What is required:
Extract the lines from the first line of the records below through the line containing "Whose Baby Is", inclusive, and reproduce them exactly as written.

(Records from a data source)

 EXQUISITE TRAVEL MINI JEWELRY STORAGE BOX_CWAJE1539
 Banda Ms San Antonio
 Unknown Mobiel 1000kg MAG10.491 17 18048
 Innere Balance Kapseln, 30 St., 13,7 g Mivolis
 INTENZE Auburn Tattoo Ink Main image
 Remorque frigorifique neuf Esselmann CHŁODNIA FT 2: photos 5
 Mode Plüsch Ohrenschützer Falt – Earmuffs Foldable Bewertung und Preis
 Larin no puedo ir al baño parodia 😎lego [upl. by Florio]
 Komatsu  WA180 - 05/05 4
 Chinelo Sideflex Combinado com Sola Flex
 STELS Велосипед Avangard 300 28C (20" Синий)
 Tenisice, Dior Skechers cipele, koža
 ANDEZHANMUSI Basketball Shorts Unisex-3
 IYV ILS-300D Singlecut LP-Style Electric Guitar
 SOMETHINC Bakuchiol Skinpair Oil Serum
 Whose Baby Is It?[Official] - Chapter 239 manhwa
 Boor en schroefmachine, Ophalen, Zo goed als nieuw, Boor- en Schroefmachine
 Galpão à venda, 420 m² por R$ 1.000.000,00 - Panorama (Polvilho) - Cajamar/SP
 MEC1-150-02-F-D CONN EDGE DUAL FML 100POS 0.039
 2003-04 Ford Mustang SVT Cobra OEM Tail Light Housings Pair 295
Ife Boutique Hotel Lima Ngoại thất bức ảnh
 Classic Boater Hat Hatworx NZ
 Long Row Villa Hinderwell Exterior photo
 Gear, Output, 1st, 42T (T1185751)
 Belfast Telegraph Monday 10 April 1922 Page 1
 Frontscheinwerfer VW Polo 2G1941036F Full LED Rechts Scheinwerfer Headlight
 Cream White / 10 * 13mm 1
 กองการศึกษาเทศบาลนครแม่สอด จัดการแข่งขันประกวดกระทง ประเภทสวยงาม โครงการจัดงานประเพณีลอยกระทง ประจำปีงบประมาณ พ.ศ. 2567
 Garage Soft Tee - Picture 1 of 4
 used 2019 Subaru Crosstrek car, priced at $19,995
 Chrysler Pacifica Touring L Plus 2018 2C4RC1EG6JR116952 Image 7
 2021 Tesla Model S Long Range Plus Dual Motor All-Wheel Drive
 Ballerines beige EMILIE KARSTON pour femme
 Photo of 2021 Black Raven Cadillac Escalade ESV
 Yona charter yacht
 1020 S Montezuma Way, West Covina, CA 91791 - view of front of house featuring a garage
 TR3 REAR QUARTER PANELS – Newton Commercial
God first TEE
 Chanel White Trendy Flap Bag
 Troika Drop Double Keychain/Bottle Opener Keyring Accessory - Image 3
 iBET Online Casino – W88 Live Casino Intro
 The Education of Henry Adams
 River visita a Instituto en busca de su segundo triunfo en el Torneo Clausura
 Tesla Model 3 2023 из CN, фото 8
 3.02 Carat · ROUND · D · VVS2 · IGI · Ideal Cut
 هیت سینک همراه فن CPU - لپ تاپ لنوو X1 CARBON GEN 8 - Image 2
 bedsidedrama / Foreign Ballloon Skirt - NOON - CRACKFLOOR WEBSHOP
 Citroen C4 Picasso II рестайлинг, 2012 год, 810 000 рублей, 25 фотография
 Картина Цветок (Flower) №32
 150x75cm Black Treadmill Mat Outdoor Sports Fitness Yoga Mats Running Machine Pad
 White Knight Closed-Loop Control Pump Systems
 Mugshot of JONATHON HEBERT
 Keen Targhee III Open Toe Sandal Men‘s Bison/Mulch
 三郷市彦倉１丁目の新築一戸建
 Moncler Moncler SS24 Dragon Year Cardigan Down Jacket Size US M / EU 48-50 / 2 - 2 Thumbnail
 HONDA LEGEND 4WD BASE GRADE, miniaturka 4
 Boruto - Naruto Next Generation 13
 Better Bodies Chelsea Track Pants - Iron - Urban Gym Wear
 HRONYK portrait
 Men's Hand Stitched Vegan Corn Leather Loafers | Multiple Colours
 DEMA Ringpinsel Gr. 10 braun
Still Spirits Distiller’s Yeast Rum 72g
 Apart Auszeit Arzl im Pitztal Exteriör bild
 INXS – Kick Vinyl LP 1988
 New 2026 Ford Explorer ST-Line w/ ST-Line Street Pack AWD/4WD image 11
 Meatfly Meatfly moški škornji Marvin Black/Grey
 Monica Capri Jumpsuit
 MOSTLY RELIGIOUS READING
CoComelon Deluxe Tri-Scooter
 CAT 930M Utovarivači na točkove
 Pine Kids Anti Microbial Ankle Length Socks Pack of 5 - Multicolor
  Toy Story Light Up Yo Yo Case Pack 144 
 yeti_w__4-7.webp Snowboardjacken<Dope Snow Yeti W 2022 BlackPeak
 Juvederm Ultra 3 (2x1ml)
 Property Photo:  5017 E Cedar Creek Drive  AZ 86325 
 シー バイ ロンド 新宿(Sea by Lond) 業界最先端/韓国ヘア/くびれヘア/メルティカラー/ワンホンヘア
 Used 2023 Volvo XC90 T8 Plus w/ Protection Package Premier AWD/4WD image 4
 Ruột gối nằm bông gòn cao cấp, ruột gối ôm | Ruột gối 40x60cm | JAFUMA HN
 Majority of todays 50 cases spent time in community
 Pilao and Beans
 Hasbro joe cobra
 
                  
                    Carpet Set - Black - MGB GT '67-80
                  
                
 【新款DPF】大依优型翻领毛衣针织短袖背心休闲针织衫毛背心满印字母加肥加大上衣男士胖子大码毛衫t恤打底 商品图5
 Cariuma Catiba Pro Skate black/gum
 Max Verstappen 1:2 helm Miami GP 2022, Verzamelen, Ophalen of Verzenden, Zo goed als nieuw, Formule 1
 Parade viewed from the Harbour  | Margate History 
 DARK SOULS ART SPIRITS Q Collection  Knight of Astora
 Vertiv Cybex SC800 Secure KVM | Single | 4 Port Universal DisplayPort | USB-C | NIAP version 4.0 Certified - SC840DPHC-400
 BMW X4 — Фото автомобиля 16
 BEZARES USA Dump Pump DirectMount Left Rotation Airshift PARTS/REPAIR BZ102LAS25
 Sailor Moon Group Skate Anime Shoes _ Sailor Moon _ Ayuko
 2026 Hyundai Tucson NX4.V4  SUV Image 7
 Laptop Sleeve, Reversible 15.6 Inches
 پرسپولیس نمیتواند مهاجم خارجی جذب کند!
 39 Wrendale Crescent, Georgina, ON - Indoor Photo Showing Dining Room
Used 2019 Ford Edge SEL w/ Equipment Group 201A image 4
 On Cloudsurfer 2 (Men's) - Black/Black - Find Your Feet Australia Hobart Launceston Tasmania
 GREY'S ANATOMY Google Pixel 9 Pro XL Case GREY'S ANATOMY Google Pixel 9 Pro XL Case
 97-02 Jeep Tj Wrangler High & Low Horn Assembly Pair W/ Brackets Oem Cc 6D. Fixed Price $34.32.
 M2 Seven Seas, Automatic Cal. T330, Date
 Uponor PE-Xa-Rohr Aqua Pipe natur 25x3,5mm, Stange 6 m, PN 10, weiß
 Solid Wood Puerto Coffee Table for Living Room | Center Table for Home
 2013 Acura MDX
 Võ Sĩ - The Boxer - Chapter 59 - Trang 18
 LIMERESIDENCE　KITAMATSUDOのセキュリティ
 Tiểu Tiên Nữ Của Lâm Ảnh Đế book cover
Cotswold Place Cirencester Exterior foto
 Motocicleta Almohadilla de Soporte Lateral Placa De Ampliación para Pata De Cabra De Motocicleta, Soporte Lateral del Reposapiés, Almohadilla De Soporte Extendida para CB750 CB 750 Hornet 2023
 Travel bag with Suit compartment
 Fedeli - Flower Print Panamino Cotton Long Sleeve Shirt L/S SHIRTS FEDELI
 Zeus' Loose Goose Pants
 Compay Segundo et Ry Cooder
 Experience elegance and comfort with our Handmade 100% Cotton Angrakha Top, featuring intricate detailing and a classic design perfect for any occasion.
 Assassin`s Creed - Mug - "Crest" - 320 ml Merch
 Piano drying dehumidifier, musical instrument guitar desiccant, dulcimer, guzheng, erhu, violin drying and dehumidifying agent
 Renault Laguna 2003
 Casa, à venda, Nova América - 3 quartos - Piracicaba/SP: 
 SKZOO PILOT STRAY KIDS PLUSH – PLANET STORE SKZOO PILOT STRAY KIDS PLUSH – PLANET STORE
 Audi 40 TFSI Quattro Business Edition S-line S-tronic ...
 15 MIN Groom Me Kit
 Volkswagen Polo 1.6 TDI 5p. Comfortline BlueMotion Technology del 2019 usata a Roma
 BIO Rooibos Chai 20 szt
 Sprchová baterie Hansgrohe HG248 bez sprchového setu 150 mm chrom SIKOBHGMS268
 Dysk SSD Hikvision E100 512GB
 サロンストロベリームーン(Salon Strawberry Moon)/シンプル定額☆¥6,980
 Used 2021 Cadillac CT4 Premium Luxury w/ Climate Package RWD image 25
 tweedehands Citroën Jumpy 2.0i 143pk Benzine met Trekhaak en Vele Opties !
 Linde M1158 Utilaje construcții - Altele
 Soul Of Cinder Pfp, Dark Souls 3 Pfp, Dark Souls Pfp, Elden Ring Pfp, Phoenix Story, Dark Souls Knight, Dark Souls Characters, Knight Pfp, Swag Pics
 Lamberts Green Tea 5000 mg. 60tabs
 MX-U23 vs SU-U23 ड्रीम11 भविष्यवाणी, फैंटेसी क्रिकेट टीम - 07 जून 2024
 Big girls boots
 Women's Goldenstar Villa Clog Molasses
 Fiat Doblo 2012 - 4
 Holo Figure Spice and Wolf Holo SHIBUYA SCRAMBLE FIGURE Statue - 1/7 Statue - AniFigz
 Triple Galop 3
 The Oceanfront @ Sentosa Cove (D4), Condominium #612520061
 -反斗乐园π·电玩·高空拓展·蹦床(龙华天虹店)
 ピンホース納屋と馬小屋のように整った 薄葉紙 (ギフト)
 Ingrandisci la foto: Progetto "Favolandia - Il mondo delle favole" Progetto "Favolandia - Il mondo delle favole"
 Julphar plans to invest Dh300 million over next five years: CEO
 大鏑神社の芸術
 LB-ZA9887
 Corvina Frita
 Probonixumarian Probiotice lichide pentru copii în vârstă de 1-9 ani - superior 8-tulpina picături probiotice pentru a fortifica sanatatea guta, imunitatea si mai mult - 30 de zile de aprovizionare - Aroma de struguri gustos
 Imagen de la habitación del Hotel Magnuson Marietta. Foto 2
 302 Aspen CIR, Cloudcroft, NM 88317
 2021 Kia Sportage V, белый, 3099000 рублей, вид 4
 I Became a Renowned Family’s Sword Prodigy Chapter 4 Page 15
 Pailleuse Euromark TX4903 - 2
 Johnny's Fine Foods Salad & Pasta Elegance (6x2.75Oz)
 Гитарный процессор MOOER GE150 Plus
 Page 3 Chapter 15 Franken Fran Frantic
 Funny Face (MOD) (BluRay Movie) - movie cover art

Result:
 EXQUISITE TRAVEL MINI JEWELRY STORAGE BOX_CWAJE1539
 Banda Ms San Antonio
 Unknown Mobiel 1000kg MAG10.491 17 18048
 Innere Balance Kapseln, 30 St., 13,7 g Mivolis
 INTENZE Auburn Tattoo Ink Main image
 Remorque frigorifique neuf Esselmann CHŁODNIA FT 2: photos 5
 Mode Plüsch Ohrenschützer Falt – Earmuffs Foldable Bewertung und Preis
 Larin no puedo ir al baño parodia 😎lego [upl. by Florio]
 Komatsu  WA180 - 05/05 4
 Chinelo Sideflex Combinado com Sola Flex
 STELS Велосипед Avangard 300 28C (20" Синий)
 Tenisice, Dior Skechers cipele, koža
 ANDEZHANMUSI Basketball Shorts Unisex-3
 IYV ILS-300D Singlecut LP-Style Electric Guitar
 SOMETHINC Bakuchiol Skinpair Oil Serum
 Whose Baby Is It?[Official] - Chapter 239 manhwa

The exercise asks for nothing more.